The score that the anomaly gets depends on how much data preceded it. What I mean by that is that the judgements made by ML are based on probability. The more established history a metric has, the higher the anomaly score will be once it begins to deviate. Here, in your screenshot, it's hard to tell how much history was established for this metric before the light blue anomaly raised on Tuesday the 15th. Can you possibly zoom the picture out so that we can see the full history of the data that you sent to ML?

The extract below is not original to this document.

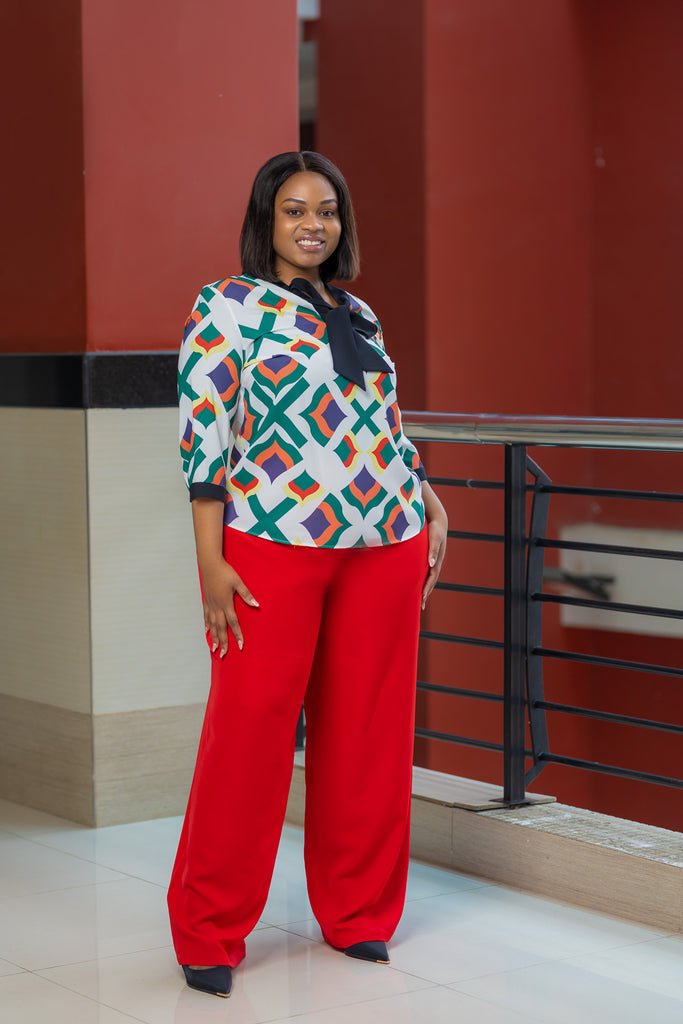 Green Multicolored Necktie Top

For your second question, how long after you shut off Logstash did you take the screenshot? Because you have a 5m bucket_span, it might take 5-7 minutes for the ML cycle to complete and report on this last bucket. It's hard to tell when the screenshot was taken (clock time) with respect to the analysis time.

1 Like

Hi Rich,

Thank you for the reply ,
I have zoomed out yesterdays ML

image

and for the second one I have turned off the logstash for more than 30 minutes ,to see somethings happens in ml.

Thanks,
Raj

Hi Raj,

From the screenshot it looks like there wasn't enough data before you decided to try your test of turning off Logstash.

Here's what I suggest:

  1. Create a new job (can clone from this existing job to make it easier). Start the job starting now. In other words, avoid the times of past testing.
  2. Allow this new job to run for approximately 2-3 days in "real-time" mode (operating on live data)
  3. Then, attempt your experiment after those 2-3 days have passed.
1 Like

Hi Rich,

Thank you for reply ,will do the same and will let you know the output.

Raj

Raj - any update?

Hi Rich,

Thank you for the followup ,actually I tried to stop the logstash twice (yesterday and today) after running the job for one week,

Yesterday

Today

but am not sure whether it will be only warning or minor or it will change to critical.

Thanks in advance ,
Raj

Anomalies recorded will never be "upgraded" from minor to critical at a later time (however, the reverse is possible - an anomaly that once was critical may be edited later and be downgraded if something more unusual comes along later).

Keep in mind that the scores that you get in real-time are fully dependent on the past anomaly scores and past behavior. In other words, the first time you test a behavior, you might get a relatively high score. But, if you test that behavior again and again - you are forcing that behavior to look "normal", thus likely diminishing the score it receives each time it occurs. However, as more time goes by and more observations of the "actual normal" is observed by ML, then the a subsequent truly anomalous situation will again be scored higher.

2 Likes

Thank you rich for the reply :slight_smile: that sounds sensible.

1 Like

This topic was automatically closed 28 days after the last reply. New replies are no longer allowed.